I have a data.frame orig, which is subset and assigned to cpy.
library(data.table)
orig <- data.frame(id=letters[c(2,1,2,1)], col1=c(300,46,89,2),
col2=1:4, col3=1:4)
print(orig)
# id col1 col2 col3
# b 300 1 1
# a 46 2 2
# b 89 3 3
# a 2 4 4
cpy <- orig[,c("id","col1","col2")]
cpy is a shallow copy of orig and references parts of orig (all but the omitted columns).

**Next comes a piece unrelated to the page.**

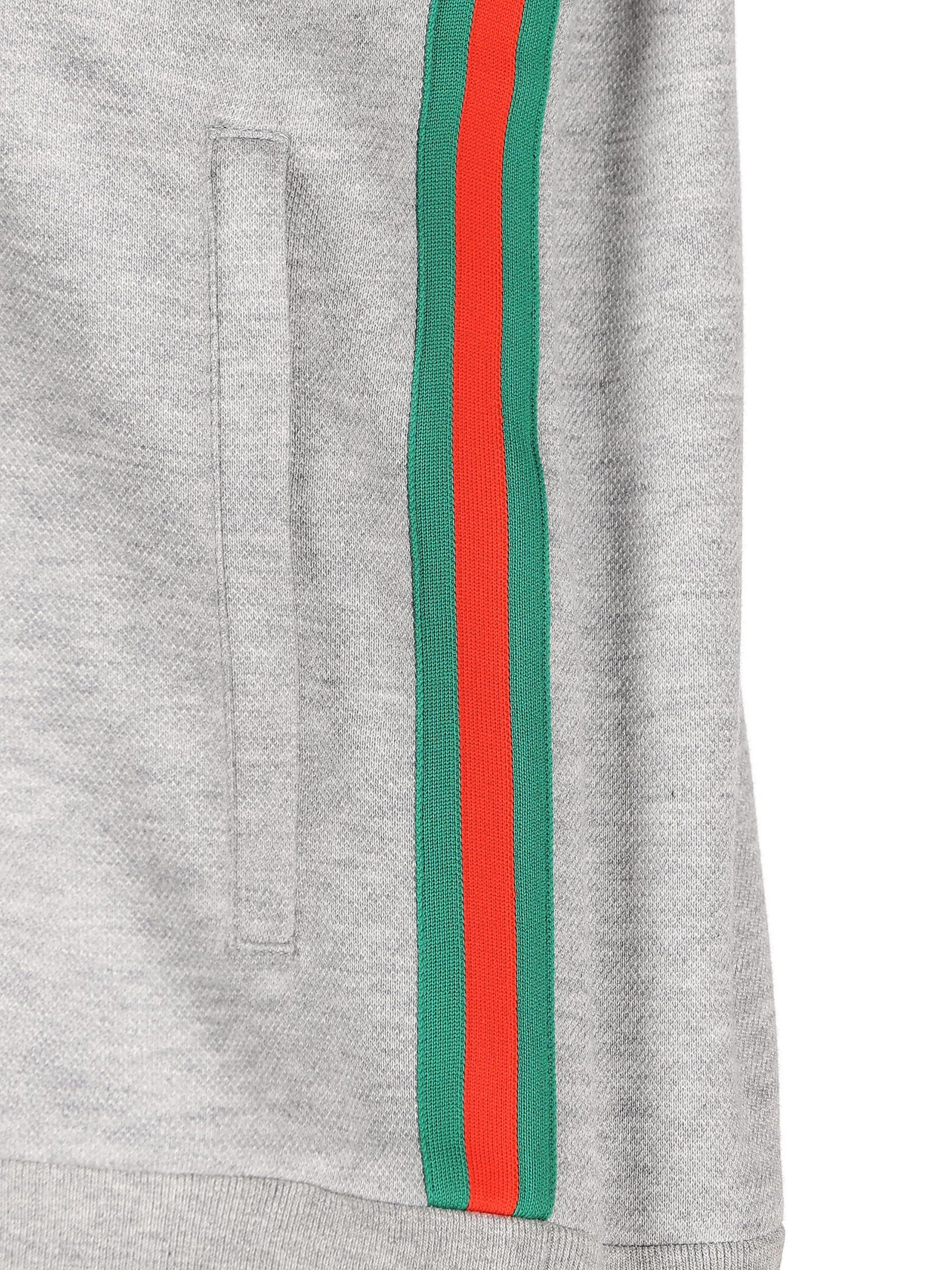 GUCCI Felpa In Cotone - immagine 5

Because cpy is a subset of orig, it references the shared columns only and the update by reference feature of setDT(cpy) does not come into play. This leaves orig and cpy in a potentially dangerous state where they only share the pointers to a subset of their columns.
setDT(cpy)
.Internal(inspect(orig))
.Internal(inspect(cpy))
If now setkey is applied to cpy its columns and therefore those columns in orig get sorted (here update by reference plays out). The omitted columns (col3) are not affected by the sorting because they are unknown in cpy. They then are out of sync with the rest of the object.
setkey(cpy,id,col1)
print(cpy)
# id col1 col2
# a 2 4
# a 46 2
# b 89 3
# b 300 1
print(orig)
# id col1 col2 col3
# a 2 4 1
# a 46 2 2
# b 89 3 3
# b 300 1 4
To avoid this behaviour, any action which forces a deep instead of a shallow copy while assigning cpy (e.g. copy()) breaks the reference to orig and thus prevents the unwanted messing up there.
Is there any way that cpy does not loose the reference to the object orig itself and its omitted columns?